Well, I’m gonna be going to the Amia conference in Anchorage, Alaska next week.

I want to take my second prototype film scanner to show it in at a vendor booth. One problem: I don’t have one yet! All the parts should arrive this week. So I’ll be working day and night to get it together.

I’m excited about the new design. The ripple in the last test film is caused by two things: First, the brush-DC motors I was using had some “cogging” as the motor turned. This was preventing the film from moving smoothly through the transport. Secondly, the displacement sensor I was using (the carcass of an optical mouse), which *should* have canceled out the motion, has a lowly 300 dpi resolution.

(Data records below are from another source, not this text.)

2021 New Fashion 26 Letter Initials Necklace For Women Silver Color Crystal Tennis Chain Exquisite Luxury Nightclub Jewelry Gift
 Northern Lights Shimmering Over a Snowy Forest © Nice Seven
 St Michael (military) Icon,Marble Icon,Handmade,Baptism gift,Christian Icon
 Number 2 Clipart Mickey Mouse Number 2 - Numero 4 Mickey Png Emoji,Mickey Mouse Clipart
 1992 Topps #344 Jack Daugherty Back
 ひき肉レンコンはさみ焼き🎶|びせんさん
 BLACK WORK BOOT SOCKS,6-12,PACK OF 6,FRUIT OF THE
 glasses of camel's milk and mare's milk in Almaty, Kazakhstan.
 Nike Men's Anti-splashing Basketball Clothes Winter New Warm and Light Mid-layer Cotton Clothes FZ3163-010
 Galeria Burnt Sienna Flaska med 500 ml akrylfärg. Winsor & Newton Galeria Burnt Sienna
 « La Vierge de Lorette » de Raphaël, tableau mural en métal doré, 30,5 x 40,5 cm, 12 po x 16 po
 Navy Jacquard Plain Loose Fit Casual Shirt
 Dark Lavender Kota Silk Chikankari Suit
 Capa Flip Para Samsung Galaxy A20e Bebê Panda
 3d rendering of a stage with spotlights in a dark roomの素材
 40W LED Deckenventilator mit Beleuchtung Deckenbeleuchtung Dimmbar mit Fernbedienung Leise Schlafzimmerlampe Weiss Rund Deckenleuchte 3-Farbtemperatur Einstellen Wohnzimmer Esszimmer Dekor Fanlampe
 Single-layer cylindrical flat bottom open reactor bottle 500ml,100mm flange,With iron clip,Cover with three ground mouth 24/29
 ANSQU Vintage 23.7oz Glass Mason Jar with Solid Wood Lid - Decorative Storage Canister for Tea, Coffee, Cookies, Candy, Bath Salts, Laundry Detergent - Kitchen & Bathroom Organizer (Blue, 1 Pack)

I made a PLL to translate this signal up to the line clock for the camera, but the sensor resolution limited the accuracy of the line clock.

After some interesting but ugly work with a stepper motor (too many moving parts), I switched to a high-torque pancake motor directly driving the spindles. Much better. This motor has no cogging that I can feel, and turns very smoothly. If this was a money-no-object design, I would use e-TORQ motors. But, remembering the 80/20 rule, I found a Chinese manufacturer of decent pancake motors intended for electric bicycle use. I designed a current-mode controller for them. I’ll have to limit their maximum speed: They can really whip a reel of film around! Maybe this can be a feature: rewind 800 feet of film in twenty seconds!

I’m also going to replace the 300 dpi sensor with a new 1600 dpi sensor (sacrificed from a Razer mouse). This should give a good, stable image. Thanks to HP/Agilent/Avago for putting their excellent datasheets online.

It’s exciting to see something come together after working for almost a year on it.